DIM-4
The DIM-4 palette is a unapologetically saturated, high-contrast collection of 4 interior paint colors built around a terracotta core. Designers reach for combinations like this when they want a bold & dramatic feel that still photographs well in real homes — neither too flat for daylight nor too punchy under warm bulbs. The palette leans softly lit overall, which makes it especially comfortable for a home office where the eye settles for long stretches.
A practical way to use the DIM-4 scheme on walls is to anchor the largest plane in the lightest swatch, carry the mid-tones onto adjacent surfaces such as built-ins or trim, and reserve the darkest swatch for a single accent — a fireplace surround, a single feature wall, the back of a bookcase, or the inside of a cased opening. This 60/30/10 distribution — a rule we explain in our full guide to the 60/30/10 paint rule — keeps the room legible from across the floor while letting the deeper colors do real work as visual punctuation.
On vertical surfaces choose a low-sheen finish so the color absorbs light evenly; reserve any satin or semi-gloss for trim and millwork where you actually want a little reflection. Test the palette under both daylight and your actual evening bulbs. The undertones in a paint chip shift dramatically between cool fluorescent showroom light and warm 2700K LEDs at home.
It pairs naturally with limewashed oak flooring, natural wool textiles, and warm metal hardware in brass or aged bronze. If your floors are cooler in tone, lean on the lighter swatches for walls and let the deeper colors come in through upholstery, drapery, or art — there is a detailed paint-and-flooring pairing reference on this exact problem worth bookmarking.
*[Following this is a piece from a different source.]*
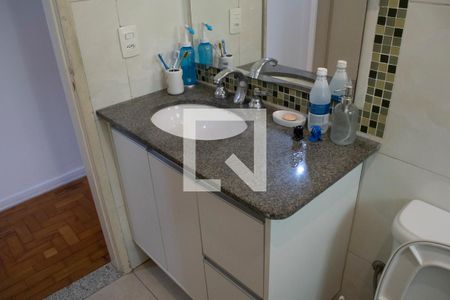 Casa à venda com 110m², 2 quartos e 2 vagas Casa à venda com 110m², 2 quartos e 2 vagasBanheiro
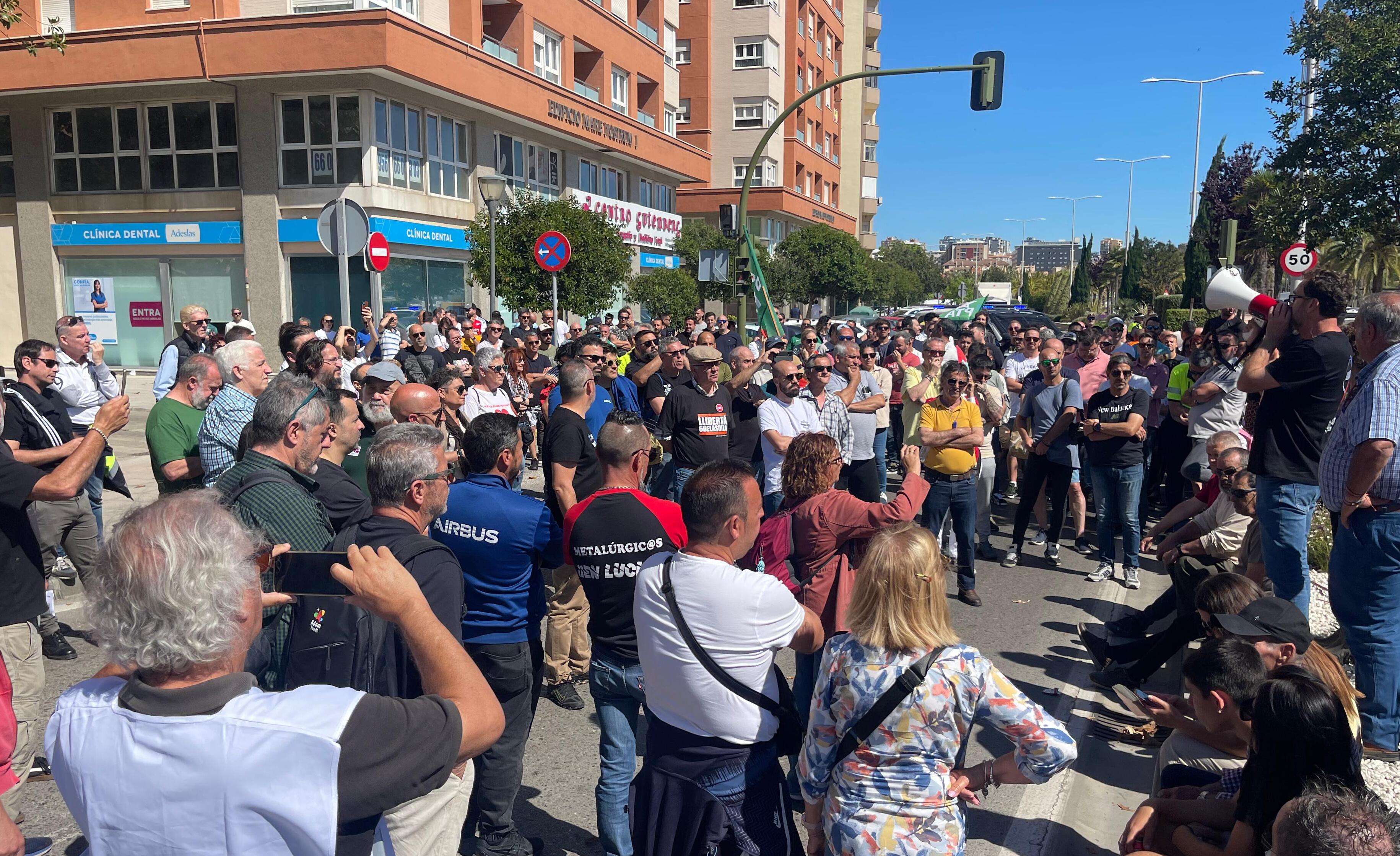 La concentración en apoyo a los trabajadores demandados.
Stylistically the palette reads bohemian, which is why it is grouped under that aesthetic. The dominant color family is charcoals & blacks, and there are 4 distinct families represented across the palette as a whole — enough variation to layer textiles and art against without the room feeling matched.
Beyond the obvious home office use, this set translates well to a dining room when you want continuity between connected spaces. Repeat one of the lighter swatches across both rooms and shift the accent — the eye reads it as a deliberate, considered home rather than a series of unrelated paint decisions. The mood you should expect is bold & dramatic, which is why we cataloged it under that category. For a fuller treatment of how to translate a digital palette into ordered paint, see our standing walkthrough on color-matching at the paint counter.